> Exercise prompt:
Each line of the listing below containing the word "show" should be returned.

> Available data:

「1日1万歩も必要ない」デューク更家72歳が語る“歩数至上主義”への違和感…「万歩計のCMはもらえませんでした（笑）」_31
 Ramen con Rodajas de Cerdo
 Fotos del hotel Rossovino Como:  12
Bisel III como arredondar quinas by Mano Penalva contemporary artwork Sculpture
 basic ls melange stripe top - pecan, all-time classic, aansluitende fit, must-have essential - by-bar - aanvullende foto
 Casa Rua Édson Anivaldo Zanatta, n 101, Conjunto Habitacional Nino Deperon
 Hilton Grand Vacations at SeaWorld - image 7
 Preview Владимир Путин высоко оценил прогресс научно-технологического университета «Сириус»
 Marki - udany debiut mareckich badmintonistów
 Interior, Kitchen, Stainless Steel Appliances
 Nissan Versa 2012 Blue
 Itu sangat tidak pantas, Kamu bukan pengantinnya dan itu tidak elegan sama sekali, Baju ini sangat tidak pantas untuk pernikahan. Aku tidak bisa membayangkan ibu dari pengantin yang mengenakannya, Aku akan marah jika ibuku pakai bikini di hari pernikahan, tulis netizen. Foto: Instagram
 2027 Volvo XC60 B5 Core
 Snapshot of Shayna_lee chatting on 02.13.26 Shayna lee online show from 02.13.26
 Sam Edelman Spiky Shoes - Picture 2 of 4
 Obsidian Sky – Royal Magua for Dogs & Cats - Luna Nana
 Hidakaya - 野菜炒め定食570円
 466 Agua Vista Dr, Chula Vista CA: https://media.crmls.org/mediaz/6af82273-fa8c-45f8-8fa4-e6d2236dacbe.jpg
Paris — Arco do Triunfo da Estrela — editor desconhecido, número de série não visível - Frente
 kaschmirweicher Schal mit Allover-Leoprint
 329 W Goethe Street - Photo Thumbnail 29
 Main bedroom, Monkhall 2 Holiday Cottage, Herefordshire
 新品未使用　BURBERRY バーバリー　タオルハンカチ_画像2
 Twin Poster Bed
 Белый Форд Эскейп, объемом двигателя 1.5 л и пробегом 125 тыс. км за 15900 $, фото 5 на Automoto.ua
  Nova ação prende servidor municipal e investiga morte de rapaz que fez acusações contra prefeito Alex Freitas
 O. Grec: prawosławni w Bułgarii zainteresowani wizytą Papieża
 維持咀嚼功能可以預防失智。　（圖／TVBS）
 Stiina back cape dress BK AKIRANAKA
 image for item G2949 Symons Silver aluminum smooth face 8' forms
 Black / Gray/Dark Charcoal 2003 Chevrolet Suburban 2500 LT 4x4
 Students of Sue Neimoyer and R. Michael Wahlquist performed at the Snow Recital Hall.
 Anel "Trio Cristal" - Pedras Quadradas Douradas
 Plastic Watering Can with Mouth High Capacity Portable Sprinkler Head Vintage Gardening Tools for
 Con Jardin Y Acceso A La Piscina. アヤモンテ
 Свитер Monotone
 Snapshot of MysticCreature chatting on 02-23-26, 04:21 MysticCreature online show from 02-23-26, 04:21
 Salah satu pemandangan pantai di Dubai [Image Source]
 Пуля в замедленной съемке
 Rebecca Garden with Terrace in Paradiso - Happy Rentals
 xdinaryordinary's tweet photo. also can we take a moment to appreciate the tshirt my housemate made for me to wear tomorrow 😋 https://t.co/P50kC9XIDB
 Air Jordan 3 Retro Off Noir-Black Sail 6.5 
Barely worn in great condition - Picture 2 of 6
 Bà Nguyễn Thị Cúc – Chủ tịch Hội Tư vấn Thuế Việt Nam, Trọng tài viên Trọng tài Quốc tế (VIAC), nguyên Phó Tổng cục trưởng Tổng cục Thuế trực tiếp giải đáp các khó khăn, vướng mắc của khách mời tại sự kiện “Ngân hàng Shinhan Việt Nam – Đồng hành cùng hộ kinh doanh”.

> Result for this task:
 Snapshot of Shayna_lee chatting on 02.13.26 Shayna lee online show from 02.13.26
 Snapshot of MysticCreature chatting on 02-23-26, 04:21 MysticCreature online show from 02-23-26, 04:21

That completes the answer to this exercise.